The IMF Board of Governors adopted the resolution by a more than 90 per cent vote. The move shifts voting rights by 2.7 per cent away from advanced economies and in favour of developing countries.
''This vote shows the overwhelming level of support across the Fund`s membership for these reforms,'' said Strauss-Kahn, adding, ''I see this result as the beginning of the new legitimacy of the Fund.''
While the approval of the resolution required 85 per cent of the total voting
power, Strauss-Kahn noted that 94.6 per cent of the members had approved the reforms, and that represented 93 per cent of the weighted voting shares distributed among the members.
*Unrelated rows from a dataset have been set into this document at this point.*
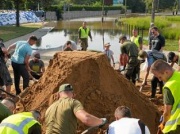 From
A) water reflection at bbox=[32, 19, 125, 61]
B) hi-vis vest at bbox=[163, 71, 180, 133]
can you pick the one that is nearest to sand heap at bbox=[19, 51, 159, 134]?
hi-vis vest at bbox=[163, 71, 180, 133]

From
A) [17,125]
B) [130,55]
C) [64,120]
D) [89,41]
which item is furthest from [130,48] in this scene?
[89,41]

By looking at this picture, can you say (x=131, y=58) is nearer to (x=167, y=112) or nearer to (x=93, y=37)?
(x=167, y=112)

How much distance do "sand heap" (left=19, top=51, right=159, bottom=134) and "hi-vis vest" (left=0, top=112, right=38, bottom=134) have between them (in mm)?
2703

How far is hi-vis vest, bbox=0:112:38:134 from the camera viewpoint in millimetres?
4750

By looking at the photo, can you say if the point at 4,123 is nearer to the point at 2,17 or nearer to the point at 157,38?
the point at 157,38

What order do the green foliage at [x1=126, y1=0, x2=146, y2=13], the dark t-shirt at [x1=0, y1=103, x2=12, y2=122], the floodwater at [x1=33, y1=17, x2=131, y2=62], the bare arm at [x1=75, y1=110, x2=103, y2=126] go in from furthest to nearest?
the green foliage at [x1=126, y1=0, x2=146, y2=13] < the floodwater at [x1=33, y1=17, x2=131, y2=62] < the dark t-shirt at [x1=0, y1=103, x2=12, y2=122] < the bare arm at [x1=75, y1=110, x2=103, y2=126]

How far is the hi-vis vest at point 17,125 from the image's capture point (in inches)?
187

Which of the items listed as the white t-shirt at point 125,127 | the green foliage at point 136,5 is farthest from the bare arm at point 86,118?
the green foliage at point 136,5

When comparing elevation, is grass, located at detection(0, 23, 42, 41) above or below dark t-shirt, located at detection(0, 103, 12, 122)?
below

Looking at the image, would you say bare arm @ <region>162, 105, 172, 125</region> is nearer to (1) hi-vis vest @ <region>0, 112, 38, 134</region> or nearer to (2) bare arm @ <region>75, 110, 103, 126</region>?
(2) bare arm @ <region>75, 110, 103, 126</region>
The voting reforms still leave industrial nations with greater influence over IMF's decisions, by about 57-43 per cent. Yet, Strauss-Kahn called the move an "important step toward a redistribution of voting shares toward dynamic emerging market and developing countries and we expect to see a continued shift over the next decade".
In addition to changes in the quota structure, the reform package will increase the voting shares of more than two-thirds of the 185 member countries.
It will also triple the number of basic votes, the first such increase since the Fund`s creation in 1944, enabling each of the two executive directors representing African constituencies to appoint an additional alternate director.
''In particular, the tripling of basic votes reflects an innovative part of this reform effort, aimed at enhancing engagement and voice of our low-income members,'' Strauss-Kahn said. ''To preserve this element of the reforms, the package includes a mechanism that will keep constant the ratio of basic votes to total voting power in the IMF,'' he added.